Credit Suisse Said to Hold Accounts for Latest U.S. Tax Felon

  • Dan Horsky admits using offshore accounts to hide $200 million
  • Horsky agrees to pay U.S. a civil penalty of $100 million

A logo sits on the window of a Credit Suisse Group AG branch in Lugano, Switzerland.

Photographer: Akos Stiller/Bloomberg

An emeritus professor of business administration in Rochester, New York, pleaded guilty to hiding $200 million in assets from the Internal Revenue Service by using offshore accounts at a bank that people familiar with the matter identified as Credit Suisse Group AG.
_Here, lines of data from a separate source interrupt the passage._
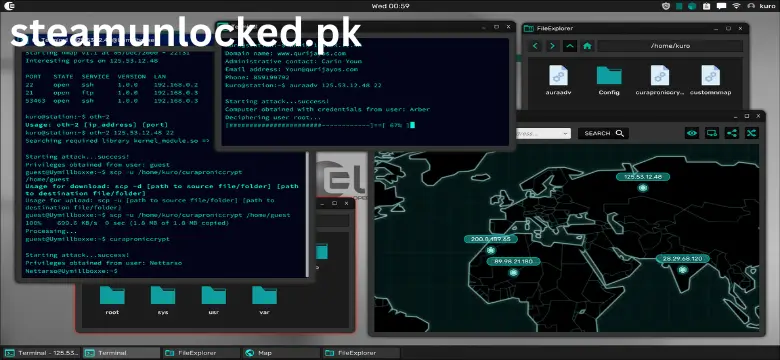 Grey Hack Download for PC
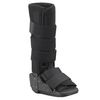 Bilt-Rite Mastex Health Low Profile Ankle Walker, Black, Medium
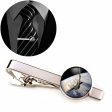 World View from Space Designed Tie Clips Supply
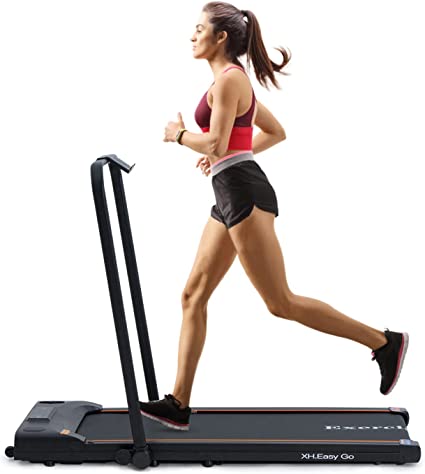 Photo 1 of ***PARTS ONLY*** Folding Treadmill for Home Small Space 2.5 HP Electric Treadmills Workout Running Machine Incline Treadmills 12 Preset Programs
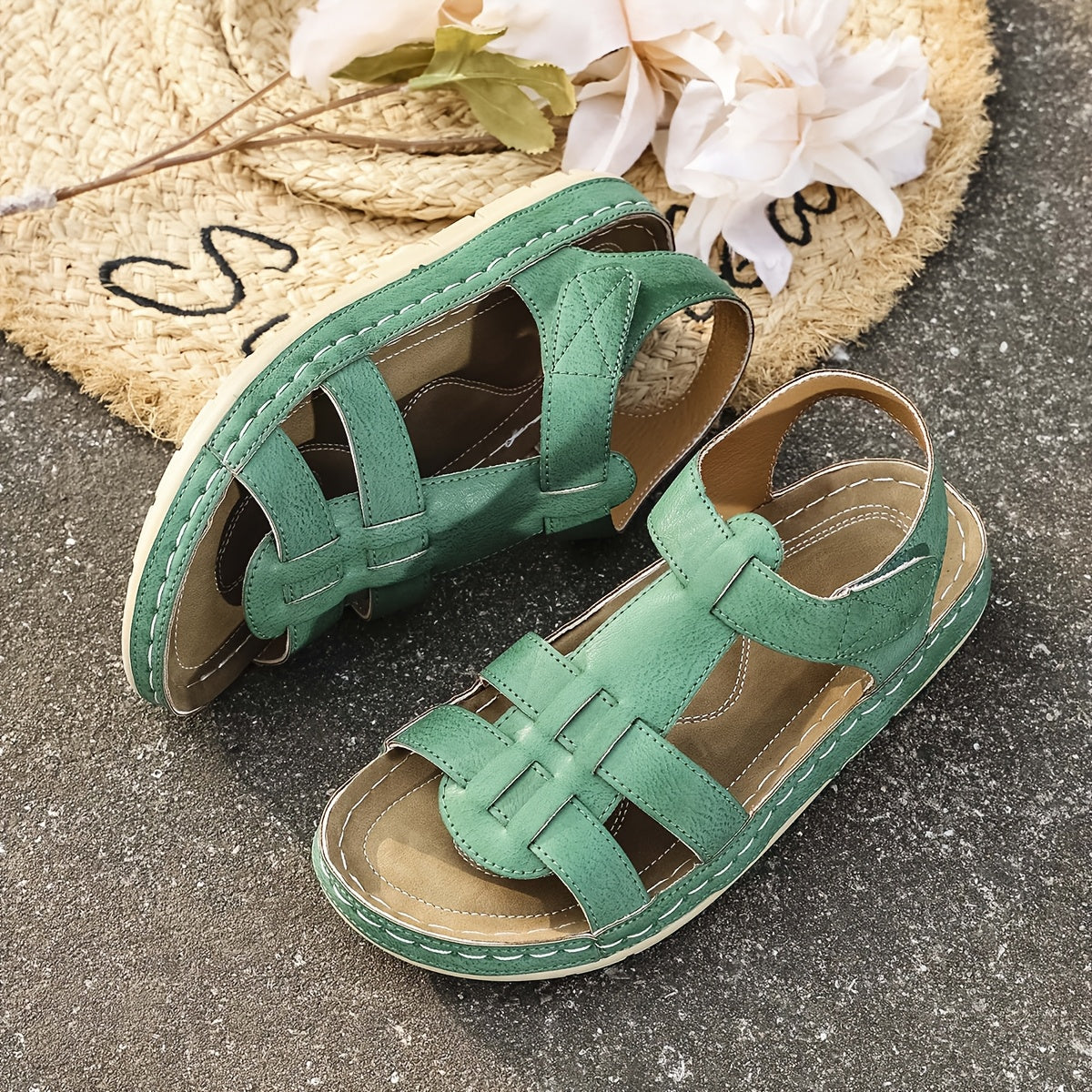 Marina | Lightweight, Everyday Sandal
Dan Horsky, 71, entered the plea Friday in federal court in Alexandria, Virginia, where he admitted that a Zurich-based bank helped him conceal assets from the IRS, according to the Justice Department. That bank was Credit Suisse, according to three people familiar with the case who asked not to be named because they weren’t authorized to discuss the bank.

“Despite his extraordinary wealth, Mr. Horsky concealed funds offshore, failed to report substantial income, conspired to submit false repatriation documents to cover up his fraudulent scheme, and evaded paying his fair share of tax,” Caroline Ciraolo, a principal deputy assistant attorney general at the Justice Department, said in a statement.

Credit Suisse spokeswoman Karina Byrne didn’t immediately respond to requests for comment. Mark Matthews and Seth Kossman, two attorneys for Horsky, said in a statement: “Mr. Horsky deeply regrets what he did and accepts responsibility for his conduct.”

Horsky signed a plea agreement on June 29, 2015, in which he said he’d cooperate with prosecutors and provide all information he has “regarding any criminal activity requested by the government.”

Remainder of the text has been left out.